If you have any questions after reading through everything, please be sure to ask!

Glad you decided to join us and looking forward to seeing you around the forums.

:wave:*


----------



## StarlingWings (Mar 15, 2013)

Hi Noah and :welcome: to the forums! 

I agree, two weeks is the recommended time period to let a new bird settle in before beginning taming and bonding sessions :thumbsup: 

I'd say that Enoch most likely will do just fine if you proceed slowly and at his pace to begin to go through the taming and bonding process. 

Around here, you'll find lots of tips about how to make the bond between you and Enoch the best it can be! Check out the "stickies" (threads "stuck" to the top of each subforum) and budgie articles we have throughout the forums, especially the Taming and Bonding section!
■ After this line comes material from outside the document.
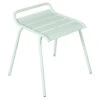 Tabouret De Jardin Empilable FERMOB Monceau - Menthe Glaciale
The links provided above will help you to get started, too. 

If you have any questions after reading though everything, be sure to ask as we'd love to help! 

Hope to see you and darling Enoch around the forums! :wave:


----------



## Nyctoyo (Jan 5, 2017)

_My new budgie, Midori is the complete opposite of my other, Enoch. Enoch has a nervous personality so it's hard for me to tame and bond with him. Midori is the definition of calm, literally. I've only had her for 3 days and she already stands on my finger, eats out my hand, lets me rub her, and stands on my shoulder. I know half of the reason behind the way she acts is because she has a more relaxed personality but is it also because she's more mature, or has had more human interaction? I like to believe it's also because I made good eye contact with her the moment I laid eyes on the baby girl because I deserve to flatter myself, right? I've had Enoch for almost 6 months and he still moves from my hand, won't step up, and won't let me rub him; he does eat out my hand, though. I'm hoping that since he sees how well she gets along with me that he'll realize I'm not so scary. Anyone had similar experience, any suggestions?_


----------



## FaeryBee (May 9, 2011)

*Every budgie is unique so each may respond differently to particular circumstance.

Please read the information in the stickies as most basic questions have already been answered there.
The resources are available on the forum if you take the time to read them. 

http://talkbudgies.com/taming-bonding/237105-using-positive-reinforcement-training.html*


----------